EDI: ESKF-based Disjoint Initialization for Visual-Inertial SLAM Systems
Wang, Weihan, Li, Jiani, Ming, Yuhang, Mordohai, Philippos
Visual-inertial initialization can be classified into joint and disjoint approaches. Joint approaches tackle both the visual and the inertial parameters together by aligning observations from feature-bearing points based on IMU integration then use a closed-form solution with visual and acceleration observations to find initial velocity and gravity.
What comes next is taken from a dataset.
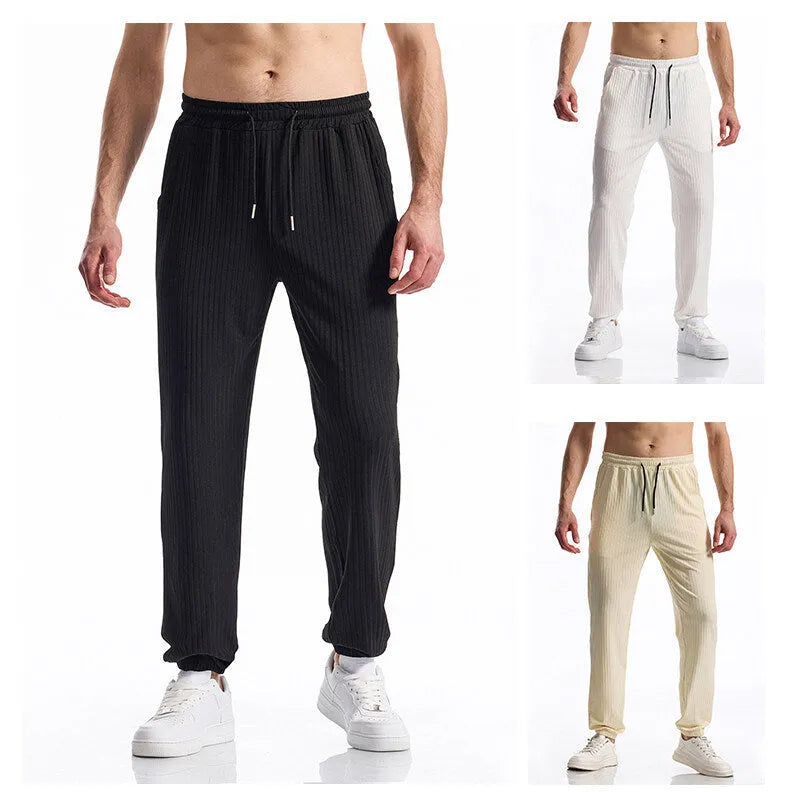 Men's black silky rib fabric casual trousers with baggy straight leg and elastic waistband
In contrast, disjoint approaches independently solve the Structure from Motion (SFM) problem and determine inertial parameters from up-to-scale camera poses obtained from pure monocular SLAM. However, previous disjoint methods have limitations, like assuming negligible acceleration bias impact or accurate rotation estimation by pure monocular SLAM. To address these issues, we propose EDI, a novel approach for fast, accurate, and robust visual-inertial initialization. Our method incorporates an Error-state Kalman Filter (ESKF) to estimate gyroscope bias and correct rotation estimates from monocular SLAM, overcoming dependence on pure monocular SLAM for rotation estimation. To estimate the scale factor without prior information, we offer a closed-form solution for initial velocity, scale, gravity, and acceleration bias estimation. To address gravity and acceleration bias coupling, we introduce weights in the linear least-squares equations, ensuring acceleration bias observability and handling outliers. Extensive evaluation on the EuRoC dataset shows that our method achieves an average scale error of 5.8% in less than 3 seconds, outperforming other state-of-the-art disjoint visual-inertial initialization approaches, even in challenging environments and with artificial noise corruption.